--- GIVEN INFORMATION ---

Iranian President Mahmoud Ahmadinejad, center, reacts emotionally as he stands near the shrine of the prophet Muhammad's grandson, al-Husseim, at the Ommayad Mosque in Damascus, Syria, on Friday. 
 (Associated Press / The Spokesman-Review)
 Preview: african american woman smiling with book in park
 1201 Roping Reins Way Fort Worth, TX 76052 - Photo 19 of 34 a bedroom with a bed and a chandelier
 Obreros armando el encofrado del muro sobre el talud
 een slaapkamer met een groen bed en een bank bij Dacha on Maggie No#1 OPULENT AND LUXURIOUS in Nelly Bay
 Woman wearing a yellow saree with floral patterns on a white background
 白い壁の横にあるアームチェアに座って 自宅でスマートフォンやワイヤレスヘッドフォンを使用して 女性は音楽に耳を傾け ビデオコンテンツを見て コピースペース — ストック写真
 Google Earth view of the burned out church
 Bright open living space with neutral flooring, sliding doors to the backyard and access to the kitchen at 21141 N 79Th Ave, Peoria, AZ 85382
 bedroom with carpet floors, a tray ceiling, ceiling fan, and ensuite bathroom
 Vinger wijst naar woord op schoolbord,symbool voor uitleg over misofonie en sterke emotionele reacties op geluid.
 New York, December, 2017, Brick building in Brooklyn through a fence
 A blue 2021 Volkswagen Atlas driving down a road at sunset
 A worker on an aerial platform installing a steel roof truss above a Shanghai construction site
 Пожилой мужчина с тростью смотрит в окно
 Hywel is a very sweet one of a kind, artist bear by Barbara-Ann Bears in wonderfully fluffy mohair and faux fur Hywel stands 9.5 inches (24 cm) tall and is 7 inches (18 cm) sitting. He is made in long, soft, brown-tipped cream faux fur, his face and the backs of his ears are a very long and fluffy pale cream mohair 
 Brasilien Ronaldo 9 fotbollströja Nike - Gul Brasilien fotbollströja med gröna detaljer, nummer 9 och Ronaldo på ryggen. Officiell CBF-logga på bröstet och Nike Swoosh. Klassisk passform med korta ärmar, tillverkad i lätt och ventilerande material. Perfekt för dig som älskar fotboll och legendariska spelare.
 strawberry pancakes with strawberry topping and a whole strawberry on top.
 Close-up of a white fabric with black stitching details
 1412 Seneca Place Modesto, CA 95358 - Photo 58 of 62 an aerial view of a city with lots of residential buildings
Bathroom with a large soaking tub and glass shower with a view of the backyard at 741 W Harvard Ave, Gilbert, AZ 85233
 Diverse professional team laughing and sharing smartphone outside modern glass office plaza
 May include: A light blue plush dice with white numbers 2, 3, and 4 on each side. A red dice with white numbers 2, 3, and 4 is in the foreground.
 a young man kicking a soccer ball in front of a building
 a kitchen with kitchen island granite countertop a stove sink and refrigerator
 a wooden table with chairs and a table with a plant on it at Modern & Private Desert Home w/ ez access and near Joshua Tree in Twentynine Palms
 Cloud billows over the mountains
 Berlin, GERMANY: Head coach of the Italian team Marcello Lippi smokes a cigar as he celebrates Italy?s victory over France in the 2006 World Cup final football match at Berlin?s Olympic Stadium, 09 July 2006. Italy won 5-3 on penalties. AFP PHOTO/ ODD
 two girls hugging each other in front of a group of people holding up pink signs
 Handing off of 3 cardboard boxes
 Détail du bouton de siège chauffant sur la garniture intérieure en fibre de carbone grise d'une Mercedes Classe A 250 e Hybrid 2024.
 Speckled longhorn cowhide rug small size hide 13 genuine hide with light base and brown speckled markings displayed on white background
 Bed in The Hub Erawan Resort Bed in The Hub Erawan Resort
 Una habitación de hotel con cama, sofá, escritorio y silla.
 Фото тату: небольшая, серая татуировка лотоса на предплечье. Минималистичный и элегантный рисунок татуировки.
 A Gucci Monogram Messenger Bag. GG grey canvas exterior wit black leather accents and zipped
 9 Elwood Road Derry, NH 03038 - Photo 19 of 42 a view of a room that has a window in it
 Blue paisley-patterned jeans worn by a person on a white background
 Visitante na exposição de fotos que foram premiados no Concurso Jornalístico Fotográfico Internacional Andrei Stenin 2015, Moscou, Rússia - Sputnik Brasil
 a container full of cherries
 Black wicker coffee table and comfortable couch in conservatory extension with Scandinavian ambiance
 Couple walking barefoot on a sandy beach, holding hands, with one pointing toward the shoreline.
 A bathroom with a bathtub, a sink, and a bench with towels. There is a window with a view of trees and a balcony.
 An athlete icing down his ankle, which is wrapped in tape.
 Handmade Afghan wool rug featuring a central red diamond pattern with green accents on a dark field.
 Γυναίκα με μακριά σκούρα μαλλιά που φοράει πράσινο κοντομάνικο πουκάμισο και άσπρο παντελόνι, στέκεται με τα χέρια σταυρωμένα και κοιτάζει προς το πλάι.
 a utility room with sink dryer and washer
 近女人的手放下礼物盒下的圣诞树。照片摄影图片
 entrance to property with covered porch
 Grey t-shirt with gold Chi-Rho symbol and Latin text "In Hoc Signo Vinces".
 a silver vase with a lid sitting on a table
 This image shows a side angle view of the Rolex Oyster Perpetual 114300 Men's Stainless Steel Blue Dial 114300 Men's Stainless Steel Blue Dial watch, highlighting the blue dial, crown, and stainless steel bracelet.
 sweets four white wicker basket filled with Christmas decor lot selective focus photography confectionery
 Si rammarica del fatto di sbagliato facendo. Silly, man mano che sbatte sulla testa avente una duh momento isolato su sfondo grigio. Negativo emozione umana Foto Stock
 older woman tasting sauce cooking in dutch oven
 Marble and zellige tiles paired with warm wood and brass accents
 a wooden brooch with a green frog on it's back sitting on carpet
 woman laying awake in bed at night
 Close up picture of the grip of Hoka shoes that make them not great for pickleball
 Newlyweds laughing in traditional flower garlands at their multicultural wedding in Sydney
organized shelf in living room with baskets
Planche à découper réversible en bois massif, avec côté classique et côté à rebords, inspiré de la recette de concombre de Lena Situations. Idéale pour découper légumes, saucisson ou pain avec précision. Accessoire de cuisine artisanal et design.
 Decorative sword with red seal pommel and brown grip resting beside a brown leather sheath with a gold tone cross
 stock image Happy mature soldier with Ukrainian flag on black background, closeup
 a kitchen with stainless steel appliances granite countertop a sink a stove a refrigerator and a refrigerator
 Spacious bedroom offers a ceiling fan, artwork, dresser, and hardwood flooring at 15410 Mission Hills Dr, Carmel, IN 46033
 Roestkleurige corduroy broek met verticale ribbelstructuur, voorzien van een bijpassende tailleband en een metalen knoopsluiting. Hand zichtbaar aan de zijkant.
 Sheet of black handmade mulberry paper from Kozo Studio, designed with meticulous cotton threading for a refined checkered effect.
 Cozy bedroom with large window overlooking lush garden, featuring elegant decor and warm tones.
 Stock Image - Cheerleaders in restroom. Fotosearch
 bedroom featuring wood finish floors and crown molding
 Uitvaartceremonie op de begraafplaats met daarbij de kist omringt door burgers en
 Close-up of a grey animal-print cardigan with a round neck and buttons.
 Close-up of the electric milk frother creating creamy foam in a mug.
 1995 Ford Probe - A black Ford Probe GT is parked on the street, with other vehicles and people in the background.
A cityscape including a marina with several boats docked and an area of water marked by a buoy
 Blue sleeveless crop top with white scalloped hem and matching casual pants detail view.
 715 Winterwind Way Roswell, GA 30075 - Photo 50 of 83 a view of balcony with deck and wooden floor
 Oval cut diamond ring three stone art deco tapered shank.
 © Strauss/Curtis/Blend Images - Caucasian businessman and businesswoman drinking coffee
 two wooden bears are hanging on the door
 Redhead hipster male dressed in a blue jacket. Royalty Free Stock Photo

---

→ **TASK TO COMPLETE**: Look above for the line holding "Spacious bedroom offers" and the line holding "Blue sleeveless crop". Retype both, and every line between them, word for word and nothing else.

→ **THE ANSWER**:
 Spacious bedroom offers a ceiling fan, artwork, dresser, and hardwood flooring at 15410 Mission Hills Dr, Carmel, IN 46033
 Roestkleurige corduroy broek met verticale ribbelstructuur, voorzien van een bijpassende tailleband en een metalen knoopsluiting. Hand zichtbaar aan de zijkant.
 Sheet of black handmade mulberry paper from Kozo Studio, designed with meticulous cotton threading for a refined checkered effect.
 Cozy bedroom with large window overlooking lush garden, featuring elegant decor and warm tones.
 Stock Image - Cheerleaders in restroom. Fotosearch
 bedroom featuring wood finish floors and crown molding
 Uitvaartceremonie op de begraafplaats met daarbij de kist omringt door burgers en
 Close-up of a grey animal-print cardigan with a round neck and buttons.
 Close-up of the electric milk frother creating creamy foam in a mug.
 1995 Ford Probe - A black Ford Probe GT is parked on the street, with other vehicles and people in the background.
A cityscape including a marina with several boats docked and an area of water marked by a buoy
 Blue sleeveless crop top with white scalloped hem and matching casual pants detail view.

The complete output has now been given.